武器貿易条約(ATT)に関する政府専門家会合(GGE)
平成20年8月
- 本年、ニューヨーク国連本部において3回(2月、5月、7月~8月)のGGEが開催され、我が国を含む28か国(注)の専門家が参加し、「通常兵器の輸入、輸出及び移譲に関する国際基準を確立する法的拘束力を有する文書の実現可能性、対象範囲及び構成要素」についての検討を行った。

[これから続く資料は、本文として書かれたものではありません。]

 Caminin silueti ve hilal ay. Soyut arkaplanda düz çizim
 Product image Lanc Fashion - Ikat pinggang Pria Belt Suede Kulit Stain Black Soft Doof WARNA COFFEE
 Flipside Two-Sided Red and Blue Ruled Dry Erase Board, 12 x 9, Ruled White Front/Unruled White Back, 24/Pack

- 第3回(最終回)GGE(7月28日~8月8日)は、これまでの議論の概要を反映させた簡潔な報告書をとりまとめ、国連事務総長に提出した。GGEの各専門家は、それぞれの国の異なる立場を踏まえつつも、「通常兵器の移譲問題の複雑さに鑑み、この問題について更に検討する必要がある」と結論し、その検討は、「国連の枠組みで、段階的に、開かれた透明性のある方法で、進められるべき」とした。
- 各専門家は、非合法に取引きされた武器がテロ行為や組織犯罪等に使用される可能性、武器が合法市場から非合法市場に逸脱することを防ぐ必要性、各国における武器の国内管理体制の強化の必要性等を強調した。

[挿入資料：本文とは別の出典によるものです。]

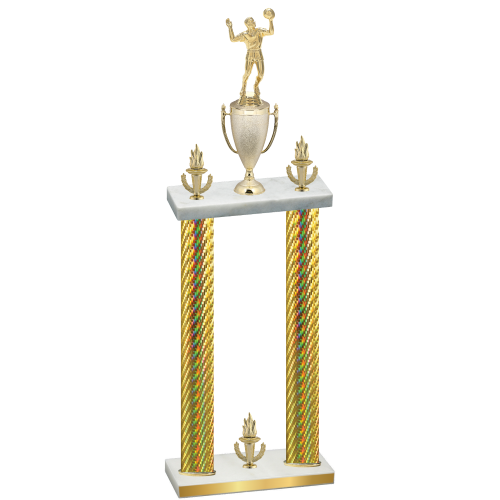 Double Gold Carbon Fiber Victory Volleyball Trophy
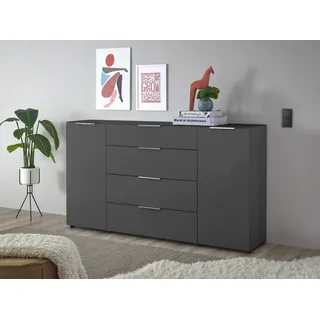 HBZ Sideboard »Santorin Kommode mit Schubkästen, BxHxT 180x99x40 cm«, (1 St.), Mit 2 Türen, 4 Schubkästen mit Softclose, Glasfront und Glasoberboden,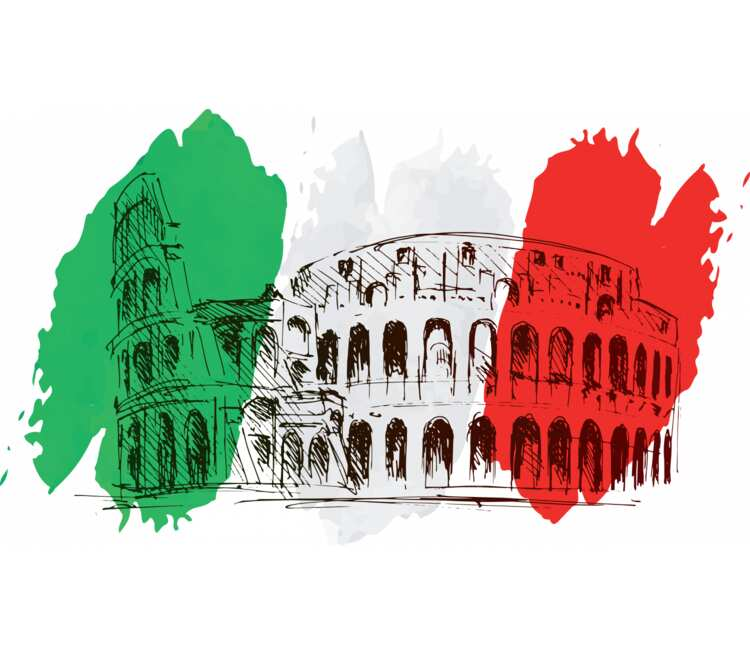 Символы Италии на прозрачном фоне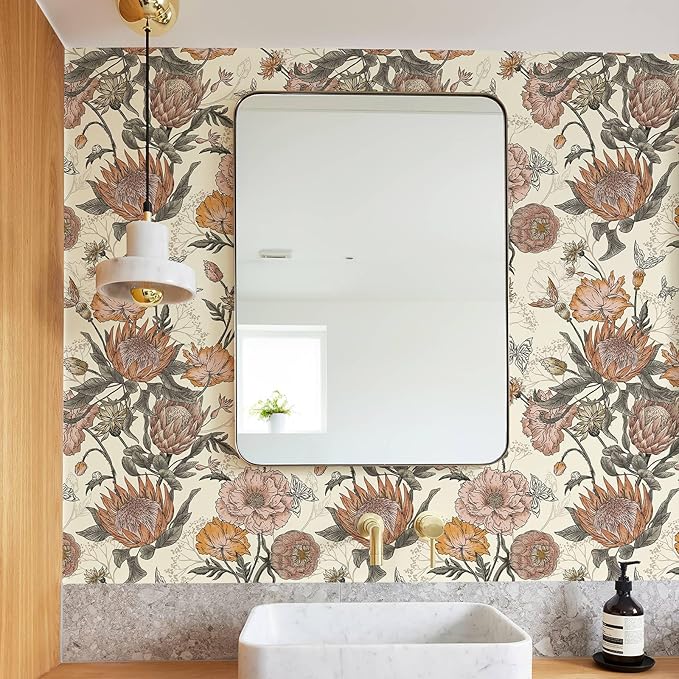 Floral Wallpaper Peel and Stick Floral Contact Paper Yellow and Pink Vintage Wall Paper Removable Self Adhesive Vinyl Stick on Wallpaper for Bathroom Bedroom Decor 17.3in x 118in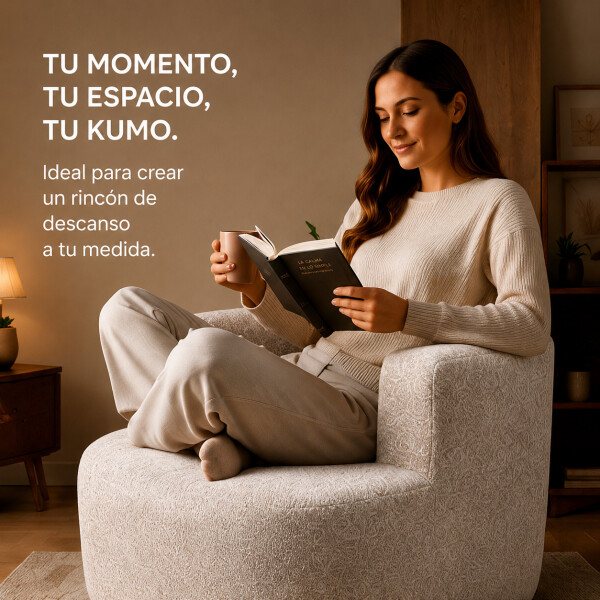 Sillón Puff ComboHome Kumo Redondo Corderito Diseño Premium Blanco 1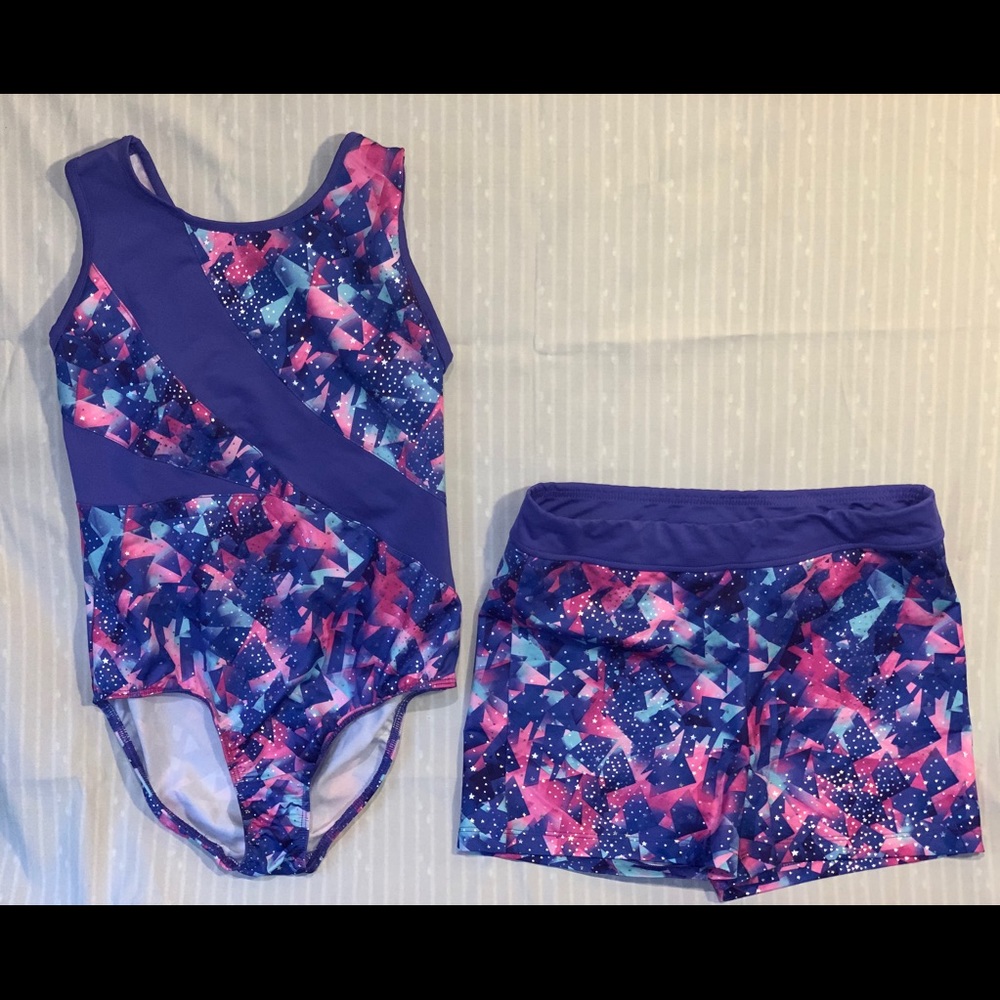 Danskin Now Leotard and spandex shorts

- 我が国は、兵器の輸出に自発的に厳しい基準を適用してきたとの基本的な立場を踏まえ、GGEにおける議論がATTの実現に向けた今後のプロセスに繋がるよう、積極的に議論に参加した。また、最終会合において、ATTに含めるべき要素を書面で提出し、報告書作成の過程に有用なベースを提供した。更に、会合のマージン等において、ATTに関心を有する有識者やNGO関係者とも意見交換を行った。
- 今後は、GGE報告書の採択を受けて、ATTに関わる議論の機運を高め、次のステップを具体化させる方法について検討していく必要がある。
(注)アルゼンチン、アルジェリア、オーストラリア、ブラジル、中国、コロンビア、コスタリカ、キューバ、エジプト、フィンランド、仏、独、インド、インドネシア、イタリア、我が国、ケニア、メキシコ、ナイジェリア、パキスタン、ルーマニア、ロシア、南アフリカ、スペイン、スイス、ウクライナ、英国、米国。